Vergara, who still fights tears each time he speaks of his missing brother, said he heard his voice twice in a recording. Then, after the fall of 2012 the kidnappers fell silent, and he never heard of his brother again. He and his sister Mayra now join the search effort every Sunday. Vergara has become the unofficial spokesperson of the group.

“Every time I find a bone fragment or some other human remain, it provokes both joy and sadness,” he said. “On the one hand I can hope that maybe it's my brother and we can finally get rest. On the other hand it's terrible to have to face so many deaths. We often say we are dead in life, because it's no way to live having to wait for a loved one who disappeared.”

Vergara's group calls itself “Los Otros Desaparecidos,” (The Other Disappeared). They are all family members of the many hundreds, perhaps thousands who were abducted in Guerrero in recent years as the state became Mexico's most violent and the battleground for a bloody turf war between drug trafficking gangs.

The Other Disappeared formed in Iguala, Guerrero's third biggest city, in the wake of the disappearance and probable murder in that city of 43 students of a rural teachers' college on September 26, 2014. The mass disappearance, according to the official investigation, was perpetrated by local crime group Guerreros Unidos, in collaboration with corrupt police officers and under Iguala's mayor orders – he is now in jail on suspected ties with organized crime.

The Iguala tragedy became one the defining moments of President Enrique Peña Nieto's administration, a tragic example of how politics and organized crime are all too often intertwined in Mexico, especially in traditionally lawless states such as Guerrero. The disappearance of the 43 students sparked widespread outrage on the country, especially after an independent group of experts criticized an apparently botched investigation into the mass disappearance.

National outrage notwithstanding, the tragedy also sparked something else: a sudden surge of courage in the minds of thousands of Mexicans who had loved ones go missing in Guerrero and other states suffering under Mexico's violent drug war.

After Iguala’s “The Other Disappeared” was created, other groups have followed suit and popped up in states like Coahuila and Sinaloa. Most recently, a new group has begun searching for the missing in the Gulf Coast state of Veracruz, another of the nation's most violent.

But setting up such a parallel justice apparatus in a country where the police is distrusted and accused of having ties with criminals is difficult and often fraught with danger.

The Iguala group was originally led by Miguel Ángel Jiménez Blanco, a member of the UPOEG, one of several community police organizations set up in rural Guerrero in mostly indigenous communities rife with organized crime and where local law enforcement has proved incapable of providing basic security.

Jiménez Blanco was gunned down in his hometown of Xaltianguis in August last year, allegedly by members of a criminal gang.
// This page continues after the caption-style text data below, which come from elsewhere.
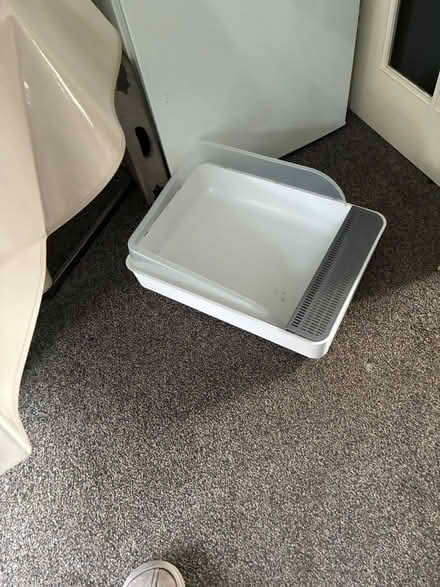 Photo of free Large cat litter tray (Penwortham PR1) #1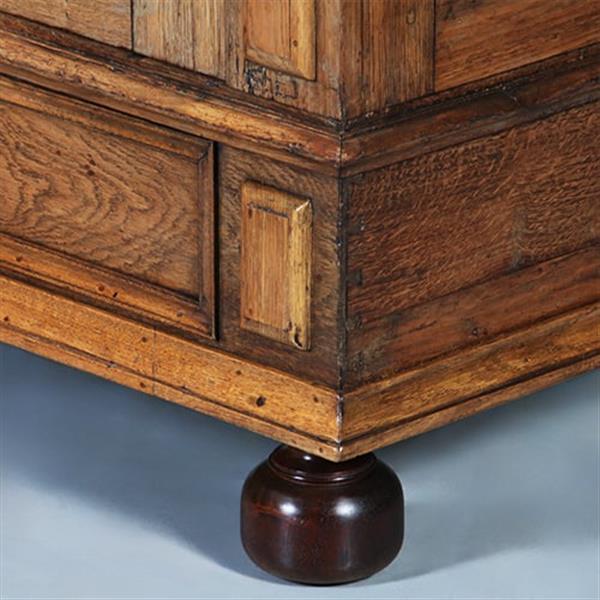 Grote foto blond stoere eiken tweedeurskast ca 1800 op bolpoten no.960740 antiek en kunst stoelen en banken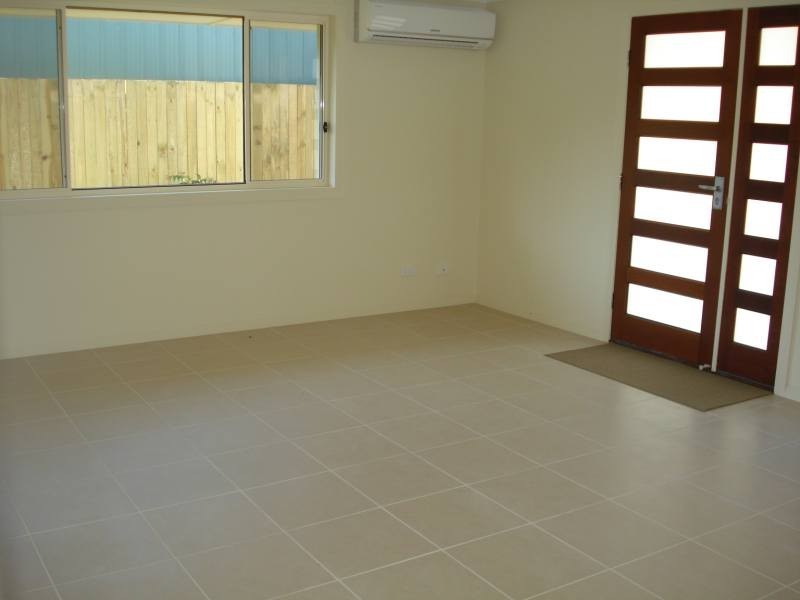 2/27 Drake Avenue, Paradise Point QLD 4216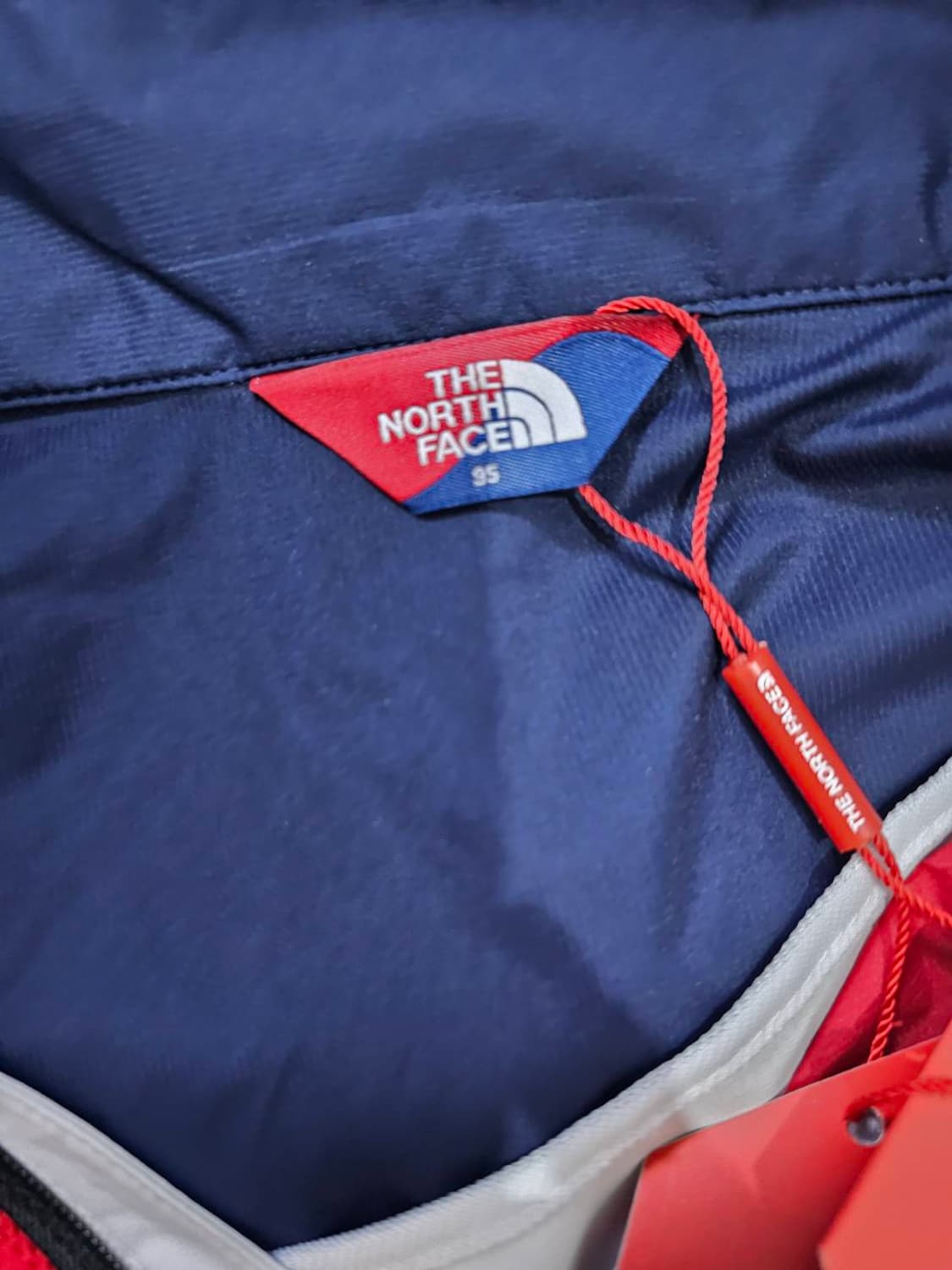 새상품급 노스페이스 평창올림픽 팀코리아 국가대표 자켓 95 / M 상품이미지5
And in Veracruz, José Jesús Jiménez, one of the members of the recently created group called simply “Search Brigade,” was murdered just last month, on June 22. He was gunned down in the town of Poza Rica while searching for his daughter.

“The murder of José Jesús is a sign of how difficult it is for us to conduct these search efforts,” said Juan Carlos Trujillo, a human rights activist who has been involved in the organization of the brigades in Veracruz. “Some families obviously fear the danger [involved in] the search of their loved ones, but we need to continue.”

Mario Vergara agrees.

“We don't look for criminals,” he told FNL. “That would only place us in harm's way. When we run into a gang or something, we just avoid them,” he added. “We don't want any trouble.”